Nov 07

The Black Revolution on Campus

Description

The Black Revolution on campus dared to challenge white racism in American education. Calling all students and activists to join with John Bracey, Stefan Bradley, and Shirletta Kinchen for this discussion of the black student struggle, Black Studies, and the long efforts at CUNY, in the Ivy League, and across the country to desegregate and liberate the university and the curriculum.

Speakers

  • John Bracey, Jr.

    University of Massachusetts, Amherst

    Professor John H. Bracey, Jr., has taught in the W.E.B. Du Bois Department of Afro-American Studies at the University of Massachusetts at Amherst since 1972. He is now serving a second stint as department chair, and is co-director of the department’s graduate certificate in African Diaspora Studies. His major academic interests are in African American social history, radical ideologies and movements, and the history of African American Women and more recently the interactions between Native Americans and African Americans, and Afro-Latinos in the United States. During the 1960s, Professor Bracey was active in the Civil Rights, Black Liberation, and other radical movements in Chicago. Since his arrival at UMASS he has maintained those interests and commitments both on campus and in the wider world.

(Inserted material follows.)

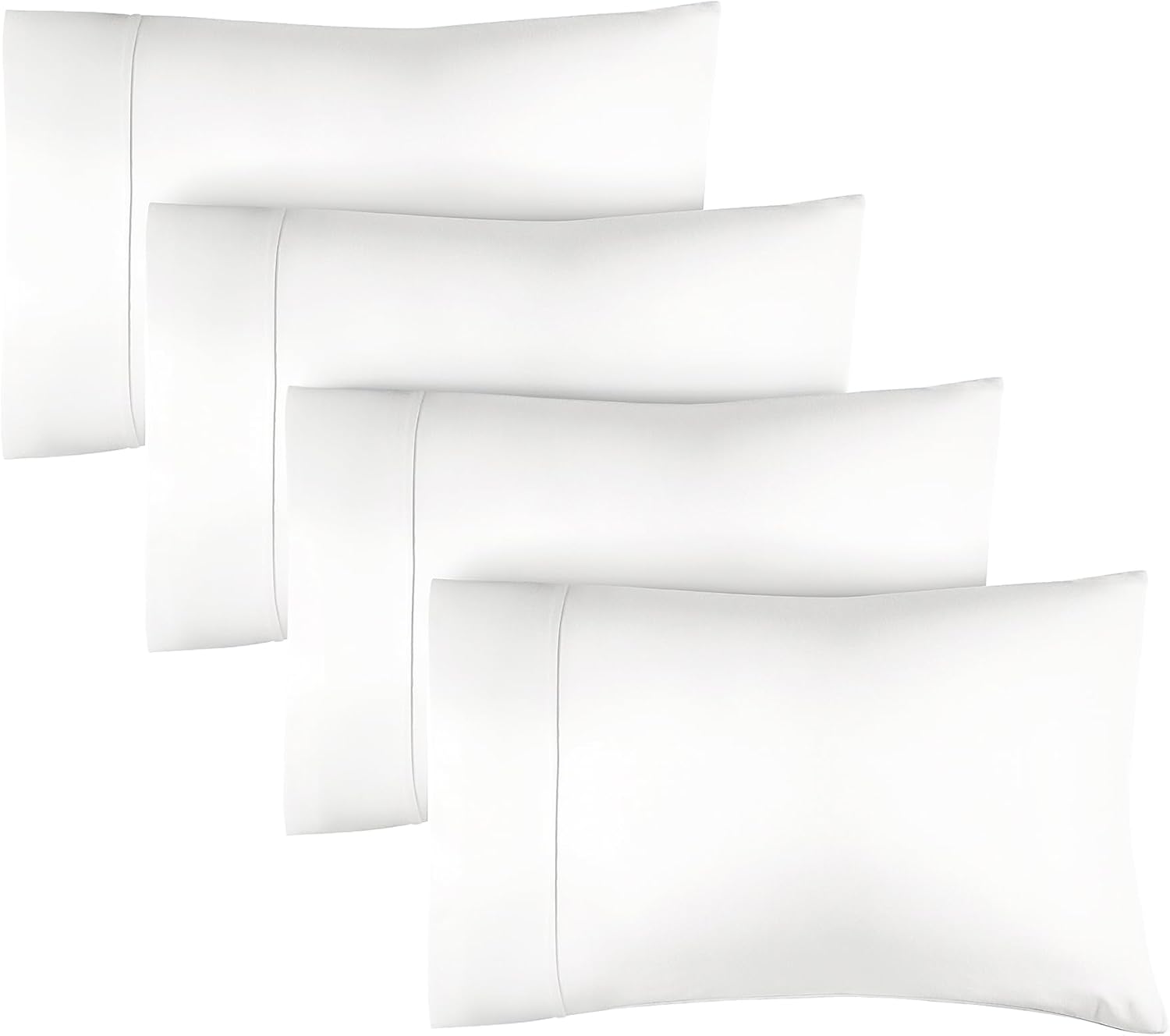 Standard Size Pillow Cases Set of 4 - Extra Soft Pillowcases - 50cm x 75cm - Bre...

    His publications include several co-edited volumes: Black Nationalism in America (1970); the prize winning African American Women and the Vote: 1837-1965 (1997); Strangers and Neighbors: Relations between Blacks and Jews in the United States (with Maurianne Adams, 1999); and, African American Mosaic: A Documentary History from the Slave Trade to the Twenty-First Century (with Manisha Sinha, 2004).

    Professor Bracey’s scholarship also includes editorial work on the microfilm series Black Studies Research Sources (LexisNexis), which includes the Papers of the NAACP, Amiri Baraka, the Revolutionary Action Movement, A. Phillip Randolph, Mary McLeod Bethune, the National Association of Colored Women’s Clubs, and the Papers of Horace Mann Bond. Professor Bracey is a co-editor with Professor James Smethurst and Professor Emerita Sonia Sanchez of SOS: Calling All Black People: A Black Arts Movement Reader (2014).

  • Stefan Bradley

    Loyola Marymount University

    Stefan Bradley is Professor and Chair of African American Studies at Loyola Marymount University. His primary research area is recent African American and higher education history. He is interested in the role that youth have played in shaping post-WWII American society. More specifically, he is fascinated with the efforts and abilities of black college students to change not only their scholastic environments but also the communities that surrounded their institutions of higher learning. Amazingly, young people, by way of protests and demands, have been able to influence college curricula as well as the policies of their schools.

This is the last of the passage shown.